Minister of Agriculture and Island Development
- In office 17 May 2013 – 16 September 2014
- President: Gaston Flosse
- Succeeded by: Frédéric Riveta

Minister of Outer Islands Development
- In office 18 February 2009 – 25 November 2009
- President: Oscar Temaru

Member of the French Polynesian Assembly for Leeward Isles
- Incumbent
- Assumed office 7 May 2013
- In office 23 May 2004 – 28 January 2008
- In office 12 May 1996 – 5 May 2001

Personal details
- Born: 1958 (age 67–68)
- Party: Tahoera'a Huiraatira Tapura Huiraatira

= Thomas Moutame =

French Polynesian politician

Thomas Moutame is a French Polynesian politician and former Cabinet Minister. He has served as Mayor of Taputapuatea since 1997. He is a member of Tapura Huiraatira.

Moutame is from Raiatea. He was first elected to the Assembly of French Polynesia at the 1996 French Polynesian legislative election. He lost his seat at the 2001 election, but was re-elected in 2004. He lost his seat again at the 2008 election. In February 2009 he was appointed to the coalition cabinet of Oscar Temaru as Minister of Outer Islands Development. He later worked as a technical advisor to the Ministry of Rural Economy.

In 2007 while serving as Mayor of Taputapuatea he refused to marry a couple because one of them had had a sex change.
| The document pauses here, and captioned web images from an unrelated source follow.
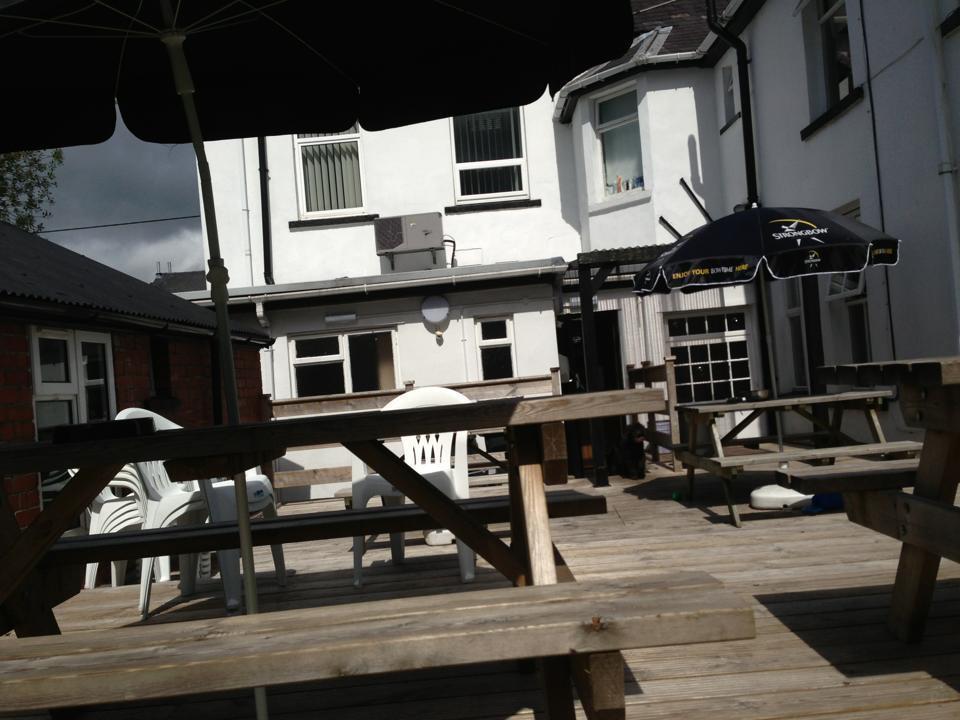 Coach & Horses Bed & Breakfast Tredegar Dış mekan fotoğraf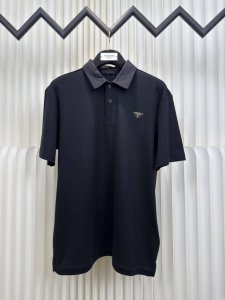 普拉达prada 丝光双面手缝五金标polo衫 采用40支双面丝光棉棉 该款面料采用长纱精棉定织成而 双股缠绕织法使衣服上身版型更为高端 克重为220克 皮标电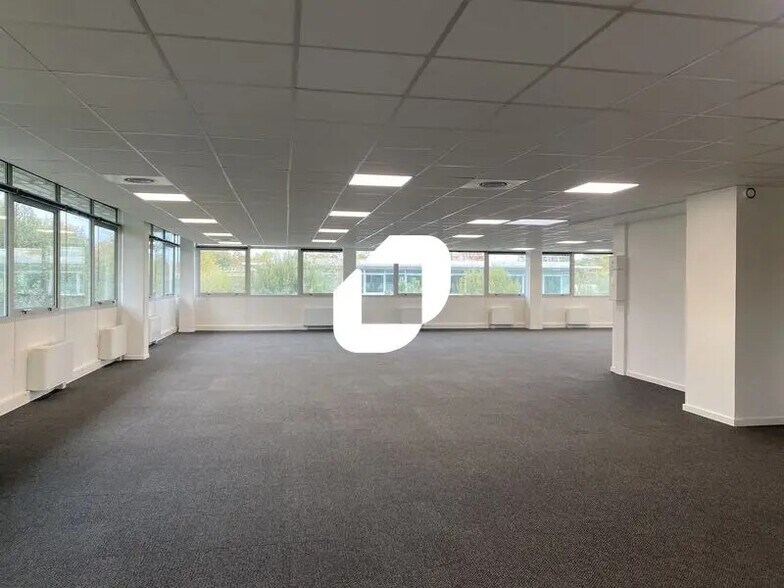 Bureau dans Pessac à louer - Photo de l’immeuble – Image 3 sur 12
In March 2011 he was convicted of abuse of power and fined US$5000. In September 2011 the Court of Appeal overturned an initial sentence of a year's ineligibility for office.

Following the 2013 election he was appointed to the Cabinet of Gaston Flosse as Minister of Agriculture and Island Development. After the fall of the Flosse government in September 2014 he returned to the Assembly. In December 2015 he voted for Édouard Fritch's budget rather than abstain with the rest of his party. He did the same in December 2016.

In April 2017 he was one of 22 Tahoeraa politicians jointly ordered to repay US$2.1 million of public funds they had misused to advance their political party between 1996 and 2004.

In February 2018 he left the Tahoeraa after failing to secure a high enough placing on the party list. He subsequently ran as a Tapura Huiraatira in the 2018 election and was elected. In 2020 he was re-elected as Mayor of Taputapuatea for a fifth term.